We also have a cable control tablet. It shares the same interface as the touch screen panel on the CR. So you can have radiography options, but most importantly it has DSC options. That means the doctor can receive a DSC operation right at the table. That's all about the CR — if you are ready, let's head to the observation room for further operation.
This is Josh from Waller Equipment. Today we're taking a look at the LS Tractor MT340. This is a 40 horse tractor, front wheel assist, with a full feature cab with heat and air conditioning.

...

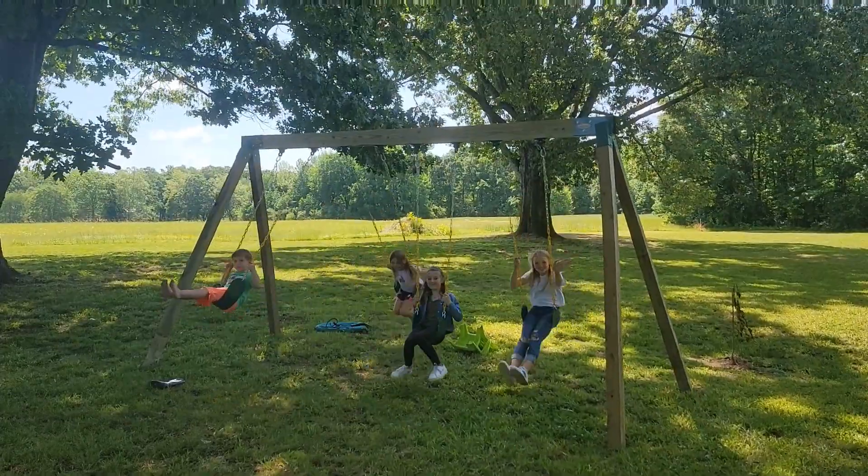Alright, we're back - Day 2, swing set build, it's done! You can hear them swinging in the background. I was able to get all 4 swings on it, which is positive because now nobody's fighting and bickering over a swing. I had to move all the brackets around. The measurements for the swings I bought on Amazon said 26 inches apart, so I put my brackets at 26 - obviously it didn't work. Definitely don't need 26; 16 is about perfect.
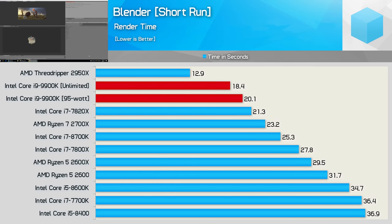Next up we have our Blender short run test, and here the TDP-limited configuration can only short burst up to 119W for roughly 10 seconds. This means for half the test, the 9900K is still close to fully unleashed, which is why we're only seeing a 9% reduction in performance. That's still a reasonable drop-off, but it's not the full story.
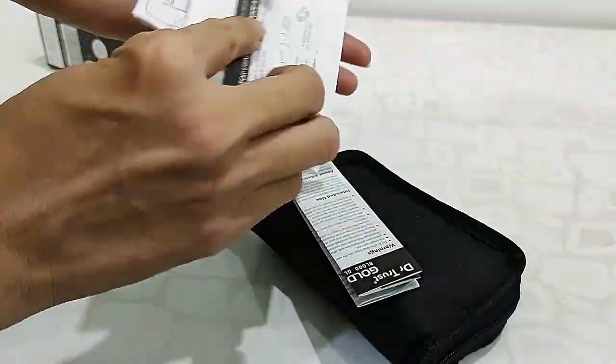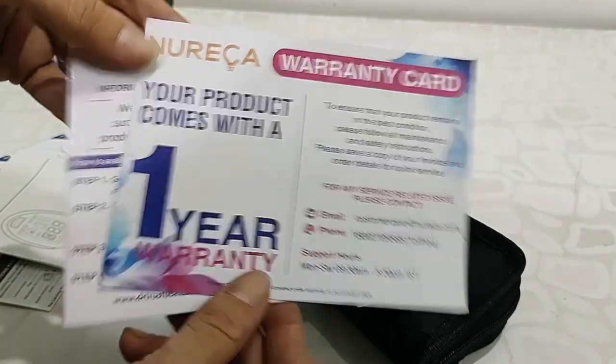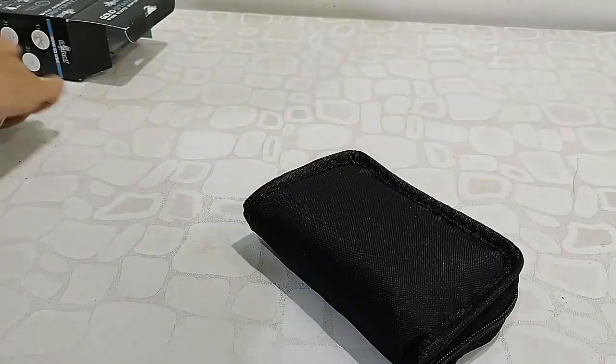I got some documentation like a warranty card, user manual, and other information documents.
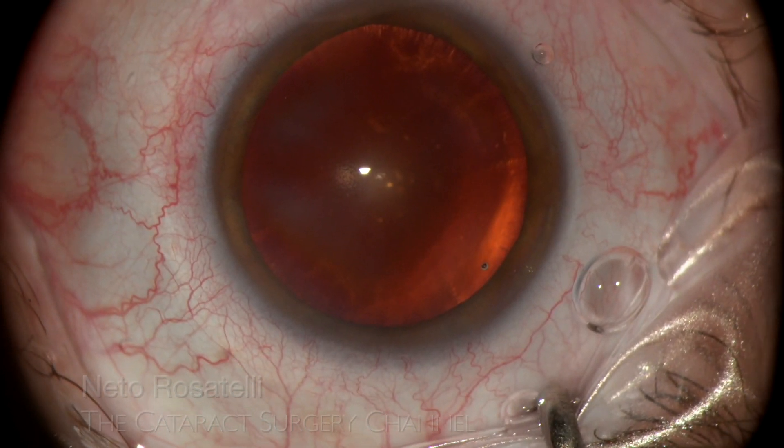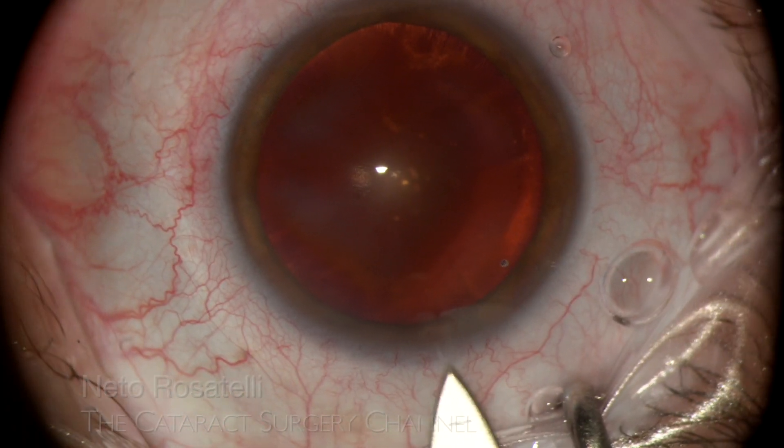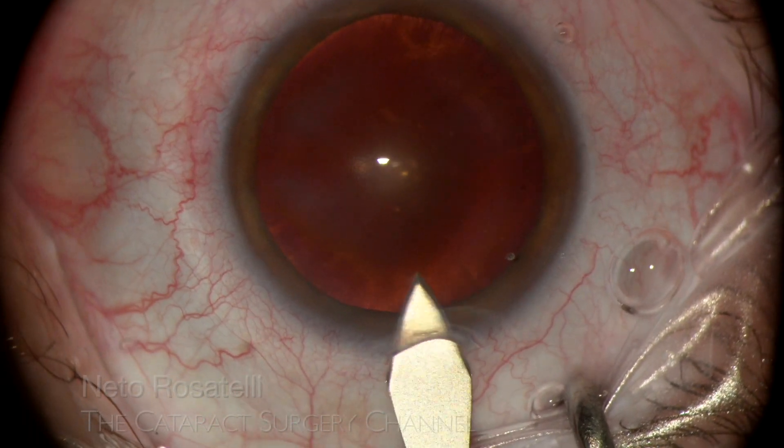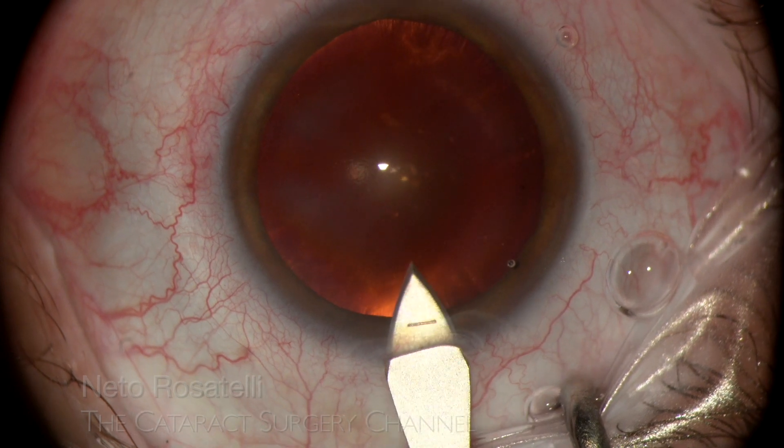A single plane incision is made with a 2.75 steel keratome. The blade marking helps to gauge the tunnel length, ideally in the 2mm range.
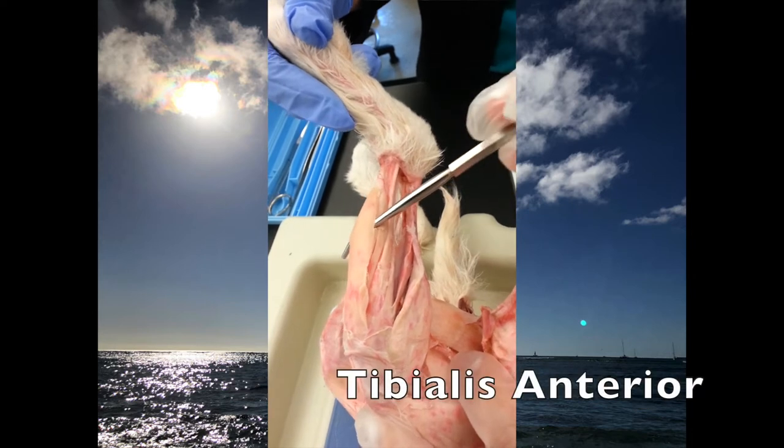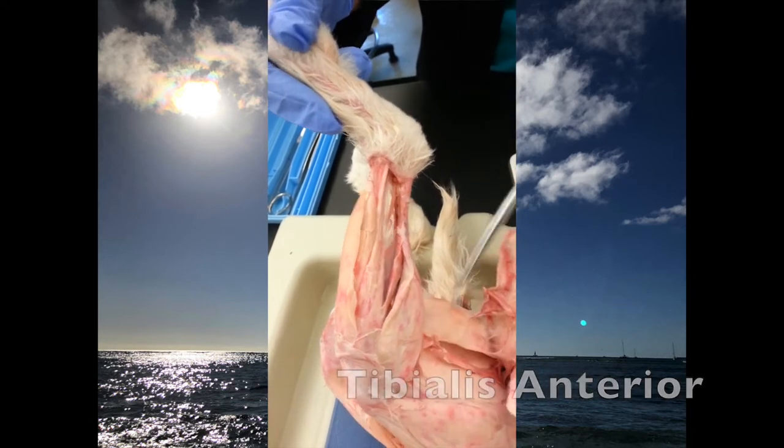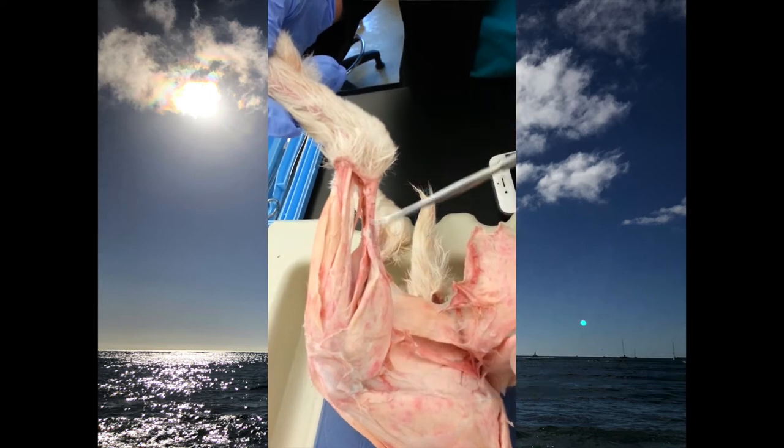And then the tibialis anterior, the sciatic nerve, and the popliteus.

| Instructions to follow |
Looking at the entries above, can you reproduce exactly the lines from the one that holds "We also have" through the one that holds "This is Josh", and only those?

| Result of this exercise |
We also have a cable control tablet. It shares the same interface as the touch screen panel on the CR. So you can have radiography options, but most importantly it has DSC options. That means the doctor can receive a DSC operation right at the table. That's all about the CR — if you are ready, let's head to the observation room for further operation.
This is Josh from Waller Equipment. Today we're taking a look at the LS Tractor MT340. This is a 40 horse tractor, front wheel assist, with a full feature cab with heat and air conditioning.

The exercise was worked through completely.